It's easier for monopolies to form when barriers of entry are unnaturally high and the production rates are naturally low. Both of these things are true of home production and real estate in general. That's why land is considered the best investment. But the problem is that home ownership is considered the most important investment for a family and not building equity is a double whammy on income potential for any individual without a home.

So when you see that zoning laws, construction practices, NIMBY mentality, and only the most profitable (not most useful) buildings being built are all compounding the housing shortage you know that people will be priced out.

It's no coincidence that the housing bubble made the rich richer than ever and the mortgages went through the roof. All the capital chased the houses and now home ownership is extremely low, while the number of people with dozens of rentals properties are at all time highs.

The solutions that we have used to combat these problems in the past have always been to lower the barrier of entry with federal assistance programs. The problem is those will no longer work.

Local governments have far too much power over construction practices and that's unlikely to change.

The best solution is to employee Nash style economic incentives to prevent investors from getting in the way of home ownership for the purposes of living and as a primary investment. The only fair way to do this is quite simple. Taxes.

Sin tax the investment value of home ownership in a progressive manner.

Own a home or two and you are taxed at normal property taxes. This allows to own a home and even a vacation property without any additional tax burden. Rent out properties and it's an investment and you can own a certain amount of those with a small tax increase with each home, or even with total square footage of all property owned.

Use economics to determine the best rate increases to correspondence to the intended effect. This allows people to own a home, a vacation property, and even investment properties and live off of rent alone... But never get truly wealthy off of it. People could still purchase and rehab homes in small numbers for real estate investment income and either take on the risk of added taxes or do it in smaller scale.

You can make allotments for certain types of larger scale dwellings such as apartment complexes so someone could choose to sell off several houses and upgrade to owning a complex instead at the same normal tax rate. This still encouraging building high density residential in order to accomplish more income and encourage better landlords to service the most people possible.

The trick is it has to scale quickly and nearly exponentially after a certain point to completely discourage the tax rate to be passed along to renters and force people to sell their property on the open market.

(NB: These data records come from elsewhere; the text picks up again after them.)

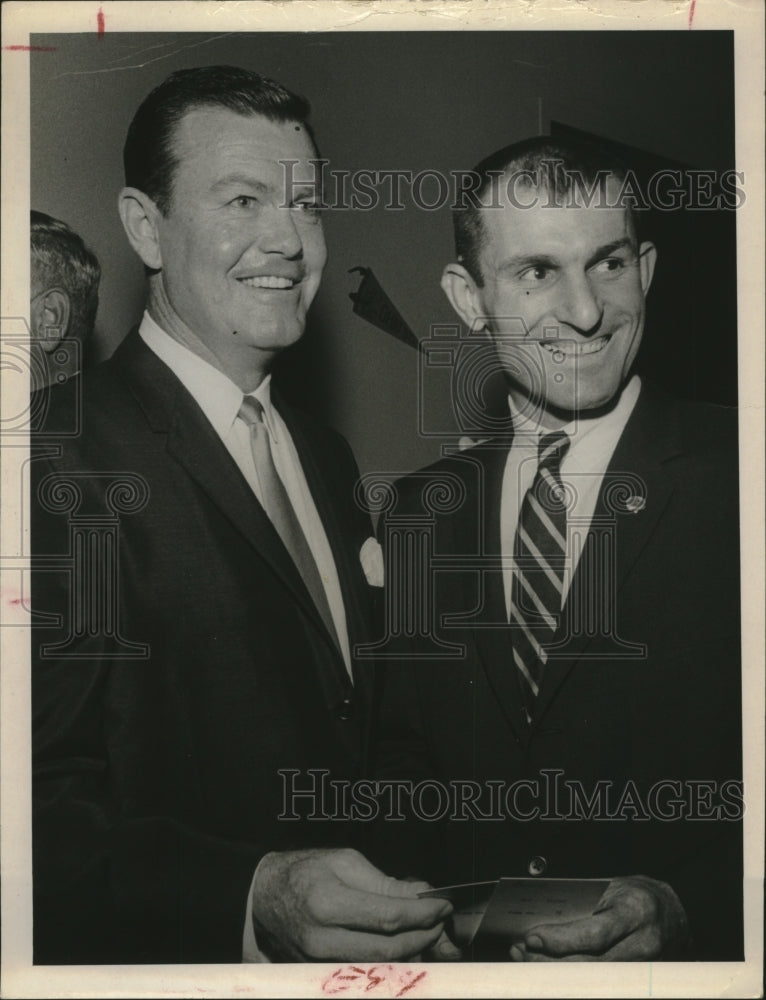 1965 Press Photo Don Garlits Tampa Sports awards Darell Royal - Historic Images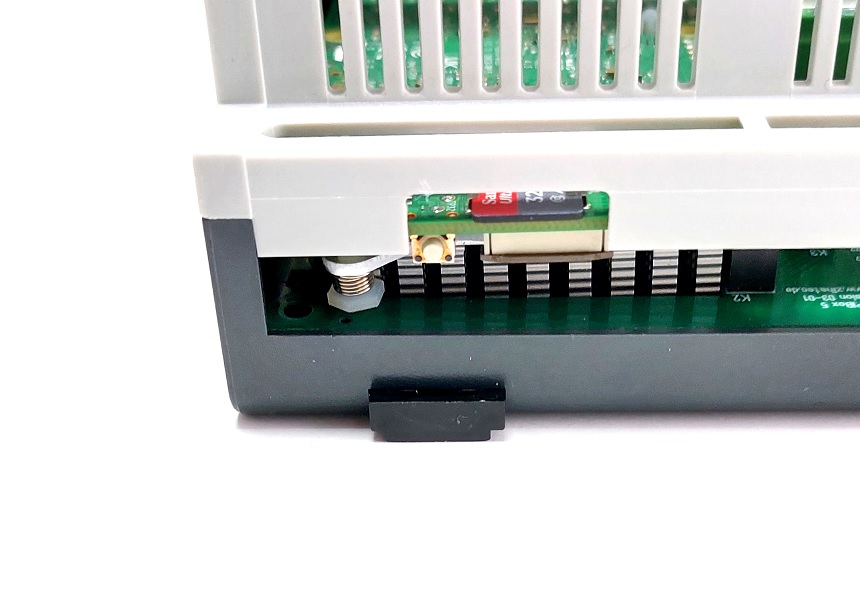 RasPiBox V3 - Opening for SD card and reset button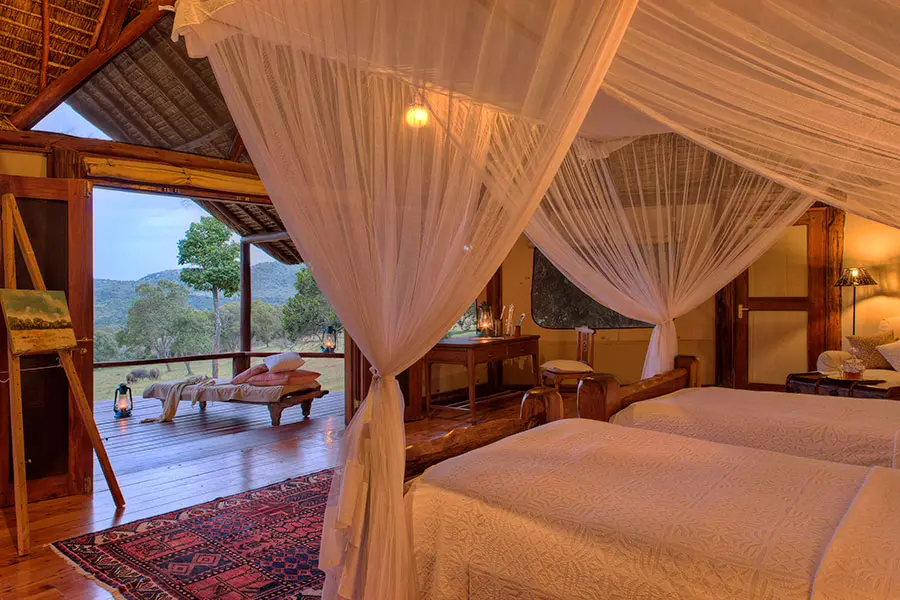 Dormitorio del estudio del artista con vistas al valle en Saruni Mara.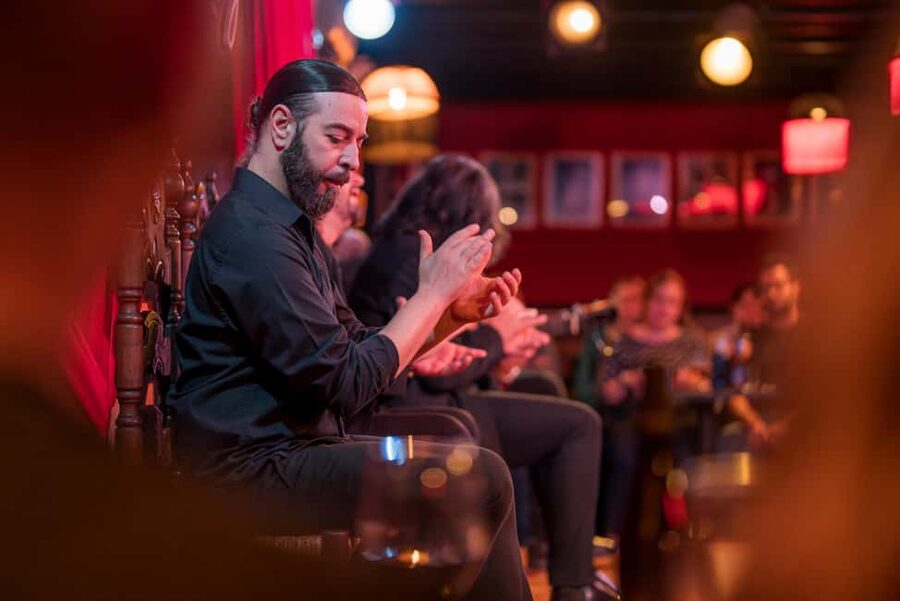 Granada: Flamenco Show with Dinner at Jardines de Zoraya - Key things to know before you go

Do this correctly and overnight you would see people who own millions of dollars in rental properties have to sell their houses at the same time. The artificially inflated cost of the houses and rent would crash overnight while simultaneously generating more tax revenue which could be used in countless positive ways to stimulate the economy to balance out the vanishing inflationary capital created by the bloated industry.

With houses falling in value st record rates you lower interest rates back down to an economically feasible level and the houses will be bought by all the people who desperately were looking to own but can't afford it due to low pay and inflation.

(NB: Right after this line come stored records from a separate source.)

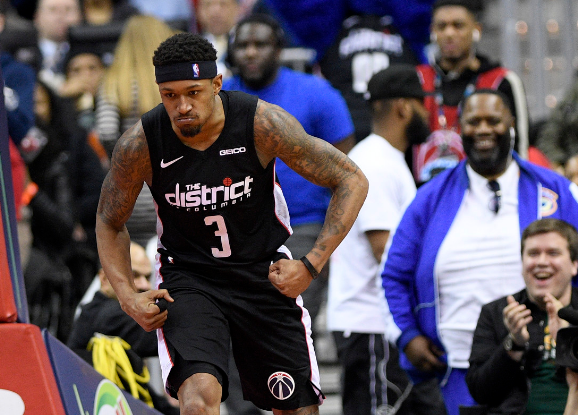 一是后卫站 一是后卫站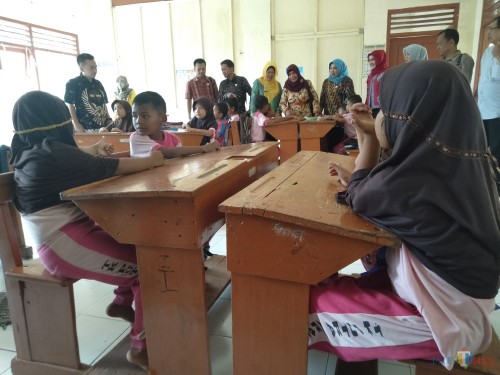 Rombongan Komisi D DPRD Jombang sidak ke ruang kelas 1 di SDN 1 Jatipelem, terlihat para siswa masih menggunakan seragam TK. (Foto : Adi Rosul / JombangTIMES)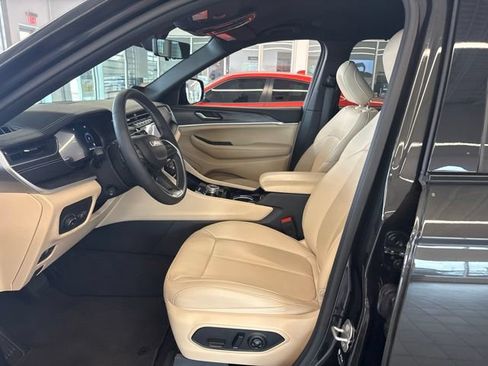 Used 2023 Jeep Grand Cherokee L Limited w/ Luxury Tech Group II RWD image 27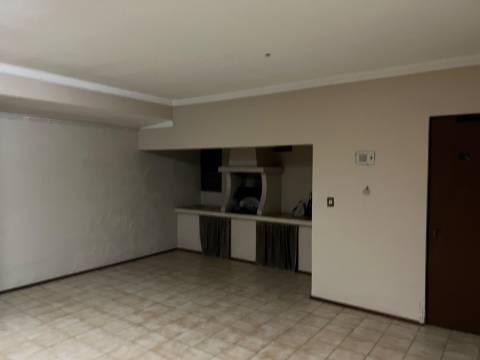 Moradia de Prestígio em Sepins, Cantanhede Um Refúgio de Elegância Clássica e Luxo Contemporâneo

In a few months all of a sudden you would see a spending boom unlike the world has ever seen as people who were poor are now spending money fixing up homes and buying furniture and such. This will cause inflation in those markets and some more short term instability in the economy but at this point banking would recover.

Obviously home equity would also nosedive but the market would find new equilibrium and with it all investment spending would eventuality return to an adjusted normal with healthier competition. The policy would prevent any future capital accumulation based bubbles from forming and the goal would be to fix the other problems in the meantime.

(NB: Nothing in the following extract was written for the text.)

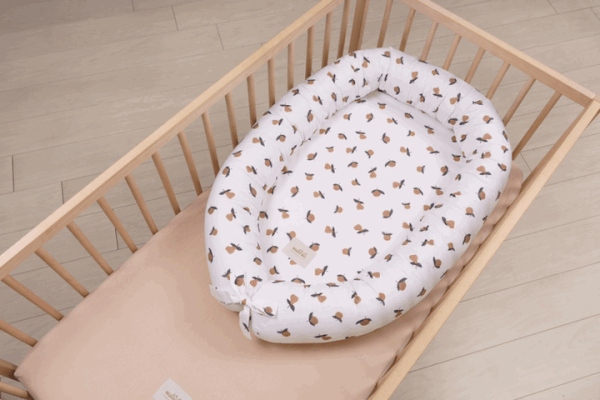 Biały kokon dla niemowląt Garden Fruits – Malomi Kids-image-1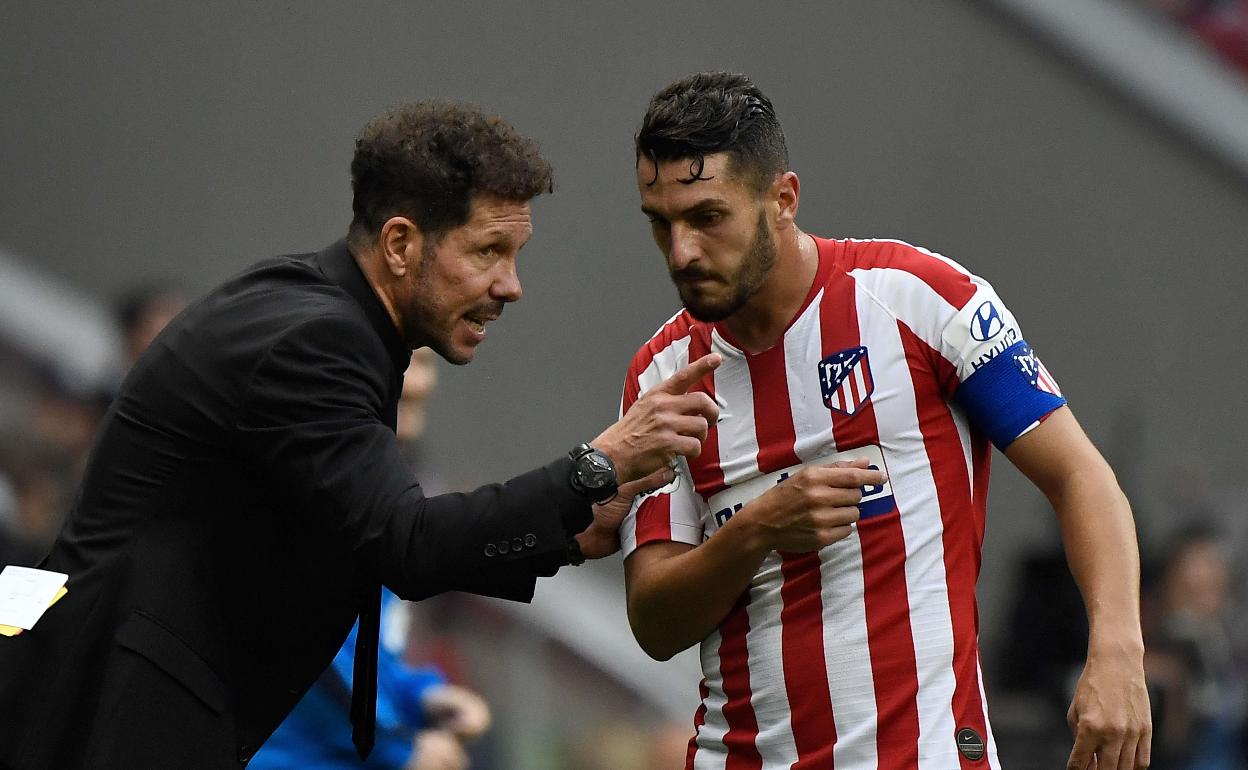 Diego Pablo Simeone da instrucciones a Koke.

10 years on and people who never could afford a new car or a trip would be able to take a home equity loan out and then the economy would once again reach new highs.

A necessity of life would have inflation reduced dramatically and the knock on effects would allow more people than ever to reach the middle class. It would be like 50s America again.

As for the real estate tycoons, they would have to take their money from selling their properties and put it back into other investments such as stocks and bonds and encourage growth in productivity.

It's a win for everyone except those who contribute nothing to society but threatening families with evictions from the houses, they are paying for indirectly.

You can even make a program where the home renters can choose to assume the mortgage directly if both parties agree to cushion the blow to the market.

This is absolutely the best thing any government could possibly do. The federal government can 100% create a federal tax based on this and compound all property taxes in the same way they taxed not having health insurance. It would likely be challenged but it would potentially solve all the real estate issues.

You could leave industrial and commercial rental out of it, but I wouldn't as all the empty strip malls could stand rate adjustments as well.

You have to make it economically more reasonable to lower rent rather than leave a place empty and survive on rate hikes. Otherwise homeless rates will only skyrocket.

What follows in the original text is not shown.